I understand what you're saying. My opinion is a car such as the Citroen C4 is much better suited to daily driving than cars such as the current Honda Civic, Ford Focus, Toyota Corolla and such. My family owned a Ford Focus sedan from '01 to '04, and the Citroen C4 my buddy owns is way better. Just as comfortable at the least, has sensors for parking that work excellent, buttons on the wheel like on a bimmer/merc that control the cd player and all that, and even with 1.6l 4cyl, it still has 110-115hp or something like that, and at the least it felt as fast as the 2.0l 130hp Focus my dad owned. This may also be due in part to 95-98 octane fuel over there.
Anyway, the whole thing about power is overrated IMO. I'm in Canada and I own a '98 Jetta. This thing is said to have 115hp from it's 4cyl 2.0l, and it's 7 years old, so some of those horses have prolly ran away, maybe it makes 100hp. I still get off faster than most people from intersections, and I don't push it that hard, I shift at 2300rpm most of the time, if I shift at 3300-3500rpm and just push it a little bit, I'll be ahead of everyone in terms of accel. Besides, the most you'll be driving in the city (at least over here anyway), is 100km/h on the 80 zone, maybe 120 on the 100 zone, and my crappy car can handle that no problem.

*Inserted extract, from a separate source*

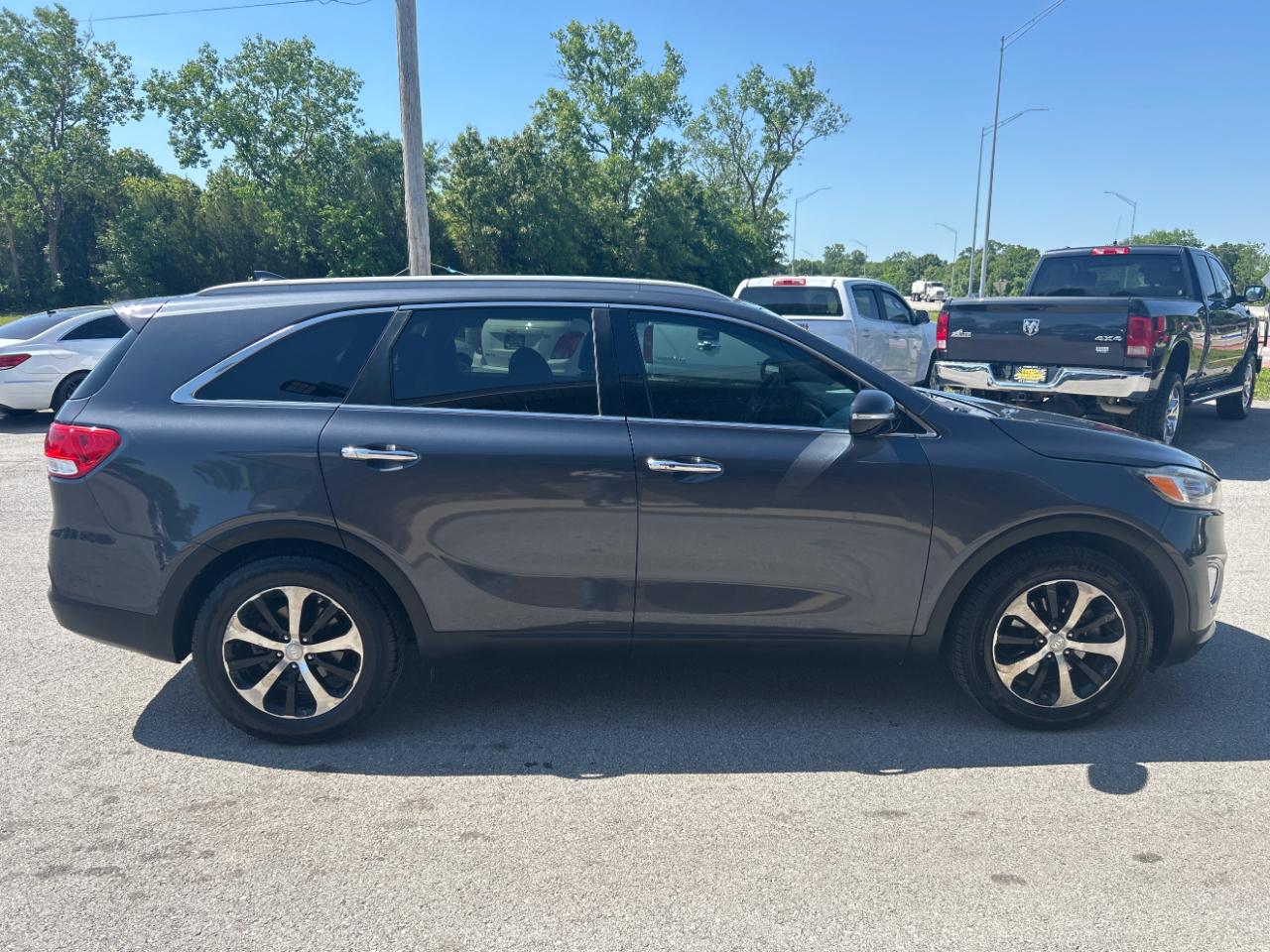 Kia Sorento FWD 4dr 3.3L EX 2016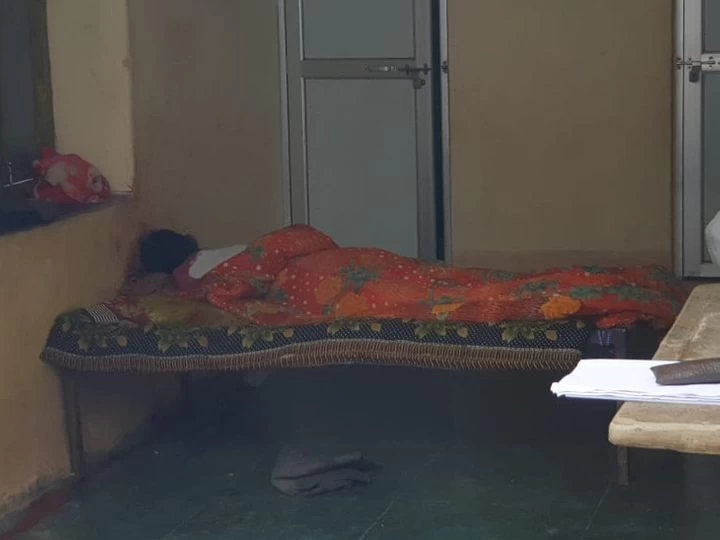 सोये युवक की चाकू मारकर हत्या का मामला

Btw, there's a C4 with 2.0l 16v that has 180hp (albeit a tad more expensive of course), does 0-100km/h (0-62mph) in 8.3 second, and claimed 33.6mpg overall. The 1.6l one I was talking about does 0-62mph in 10.6second.
http://www.channel4.com/4car/road-tests/full-specification.jsp?version_id=3555
Anyway, this is kinda getting off topic. Back on the original topic, what they should do is at least follow the europeans more, get better fuel and more efficient cars. And back on the original thing, 55mph isn't the optimal speed. I would bet that in american cars, the gearing is made for the optimal highway speed (let's say 2300-2500rpm mark? in the top gear) is probably somewhere between 75mph to 85mph, I'm willing to bet closer to 80-85mph, maybe just around 80. Definetely not 55.